A spokesman for Deloitte Australia identifies a 'natural tension' in how much Australia invests in education, and attributes this to inefficiency in the sector. Governments need to create greater flexibility so that 'a whole lot of resources' can be freed up to be applied in different ways, Robert Hilliard told the recent Future of Jobs roundtable.
Schleicher rejects the charge of inefficiency, suggesting our way of schooling is losing its purpose and relevance.
In the past, Schleicher emphasizes, the 'interests, beliefs, motivations and fears of the people' (including parents and teachers) most affected by education have been largely invisible, and tended to 'evade the radar screen of public policy.'
Recent reports such as David Gonski's Review to Achieve Excellence in Australian Schools and John Halsey's Independent Review into Regional, Rural and Remote Education, as well as OECD studies, have identified many shortcomings, particularly in relation to equity and quality in Australian schooling.
Mobilising for the future does not assume the adoption of fads or radical shifts in curriculum design, assessment and pedagogy.
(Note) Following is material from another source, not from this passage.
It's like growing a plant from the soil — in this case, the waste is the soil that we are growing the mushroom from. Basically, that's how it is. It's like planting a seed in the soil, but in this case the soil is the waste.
Common sense suggests that taxpayers, parents, employer groups, politicians and other stakeholders should be able to make judgments based on a clear picture of Australian school education. Educational solutions must be based on innovative partnerships.
A comprehensive national information audit – likely the first of its kind – would ascertain the nature, extent and effectiveness of expenditure, collaboration and innovation in Australian education. It would provide a unique platform on which to identify duplication and deficits and to recommend improvements. Most importantly, it would demonstrate genuine, cross-sectoral commitment to national goals.
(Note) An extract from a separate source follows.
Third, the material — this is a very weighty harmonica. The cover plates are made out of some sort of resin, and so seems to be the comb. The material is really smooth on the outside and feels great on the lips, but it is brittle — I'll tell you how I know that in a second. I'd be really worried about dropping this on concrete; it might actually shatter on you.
Using unambiguous and rigorous criteria, it must be possible to identify distinctive and effective education policies and practices in Australia. What are their origins and how are they monitored and evaluated?
Data collection from state, territory and federal education authorities should include:
Achievement against the Melbourne Declaration on Educational Goals for Young Australians, particularly in relation to improvements in educational outcomes and equity since 2008
Philosophical, pedagogical, educational and other bases for delivery of school education within the jurisdiction, including vocational education options
Provision of school education, including enrolments, number of schools, teachers, non-teaching staff, school leaders
Funding allocations to systems and schools; methodology, accountability
Nature and role of government and non-government education authorities, including total cost of non-school salaries, consultancies, facilities and other resources.
Cross-sectoral collaboration within the jurisdiction
Collaboration beyond the jurisdiction
Relationships with national education infrastructure (e.g. Australian Government Department of Education and Training, the Australian Curriculum, Assessment and Reporting Authority (ACARA), the Australian Institute for Teaching and School Leadership (AITSL) and Education Services Australia (ESA)
Relationships with other Australian and foreign organisations (e.g. international associations, universities, research bodies, commercial enterprises and other for-profit and not-for-profit organisations, and associated funding)
Public consultation, including surveys and other strategies for communication and collection of feedback
Engagement with national education initiatives (e.g. Australian Curriculum, National Assessment Program)
The ideal of a prosperous, cohesive and culturally diverse Australia is utterly dependent on the contribution of well-educated young Australians who can meet the challenges of the 21st century with confidence. The schooling of such citizens must emphasise sustained intellectual effort in a range of academic disciplines and the development of associated skills, reflecting approaches to education that are distinctly and proudly Australian. Improvements in educational outcomes are dependent on better national collaboration and accountability.